In addition, we knew the mileage and elevation at several major landmarks. With this knowledge at our fingerprints (I literally wrote it on a piece of paper from the hotel and carried it in my pocket), we could make a decision when we got to Indian Gardens whether we thought we could make it safely to the river and back up to the rim before dark. The mileage was also good for our morale as we made the trek up the thousands of feet from the canyon floor to the rim.
We quickly trekked past (and through) the first landmarks, including the fun little tunnels. It was chilly during those first few miles and I was wearing every possible layer.
As we hiked further down the initial switchbacks, it didn't take us long to realize that this hike was unlike any adventure we had ever undertaken.
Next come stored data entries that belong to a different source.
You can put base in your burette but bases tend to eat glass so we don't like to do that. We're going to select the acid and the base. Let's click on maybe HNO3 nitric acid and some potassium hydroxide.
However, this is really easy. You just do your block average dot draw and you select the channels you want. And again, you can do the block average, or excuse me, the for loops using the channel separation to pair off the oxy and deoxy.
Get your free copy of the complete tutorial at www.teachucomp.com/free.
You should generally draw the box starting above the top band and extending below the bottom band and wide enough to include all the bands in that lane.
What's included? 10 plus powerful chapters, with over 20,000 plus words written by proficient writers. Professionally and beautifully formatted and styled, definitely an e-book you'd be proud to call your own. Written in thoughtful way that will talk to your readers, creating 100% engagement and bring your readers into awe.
It was pretty intimidating walking downhill and seeing miles of trail laid out in front of you, but a thousand or so feet below you. Of course, seeing all that trail below us was just a constant reminder of the fact that once you get down from the Rim, hiking back up to the Rim is mandatory.See that trail on what looks like the bottom of the canyon? Yeah . . . that's not the bottom . . . Not even close . . . |
The hike past Indian Gardens leveled out considerably and the landscape was much more desert-like than the landscape at the Rim. And, it was considerably warmer. I shed my jacket and my long-sleeve.
Originally, we had planned on hiking out to Plateau Point. However, we didn't realize how early we'd arrive at Indian Gardens. With the Colorado River a mere 3 miles away, we couldn't resist. The trail from Indian Gardens to the river, like everything on your way down to the river, was lovely. Although, it was a bit intimidating to look at all those switchbacks and to think about how much "fun" it was going to climb back up them.
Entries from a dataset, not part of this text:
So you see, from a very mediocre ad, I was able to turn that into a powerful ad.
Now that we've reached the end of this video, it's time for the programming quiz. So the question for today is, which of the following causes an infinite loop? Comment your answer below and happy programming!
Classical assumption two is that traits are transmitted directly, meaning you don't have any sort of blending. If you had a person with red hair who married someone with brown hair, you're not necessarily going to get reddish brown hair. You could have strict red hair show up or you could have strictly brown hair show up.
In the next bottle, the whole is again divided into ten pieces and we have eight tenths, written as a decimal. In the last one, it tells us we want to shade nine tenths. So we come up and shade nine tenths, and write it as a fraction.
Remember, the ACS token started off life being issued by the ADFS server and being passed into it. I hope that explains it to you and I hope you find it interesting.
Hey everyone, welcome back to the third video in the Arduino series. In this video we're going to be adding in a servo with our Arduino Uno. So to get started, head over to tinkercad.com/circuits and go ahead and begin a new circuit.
Finally, after lots of switchbacks, trudging down down down, and spending a lot of time trying to ignore the trepidation of the inevitable up-climb, we made it to the river!! I'm pretty sure the river and its surroundings are objectively beautiful. But, it was even more beautiful to us because we had arrived at the halfway point of our adventure!The river was extremely beautiful, but I certainly did not entertain any thoughts of going for a swim given the very powerful currents and rapids.
I'll spare you the details of the climb back to the rim....they're not that pretty. It involved putting one foot in front of the other and a little bit of cursing. There were some spectacular views though....I'll let the images do the talking (because most of the ascent was a blur of exhaustion and dreams of junior bacon cheeseburgers from Wendy's).
I can't wait to update the blog with all the adventures I've had since Grand Canyon. There are a lot of them and each had more incredible sights than the last!!!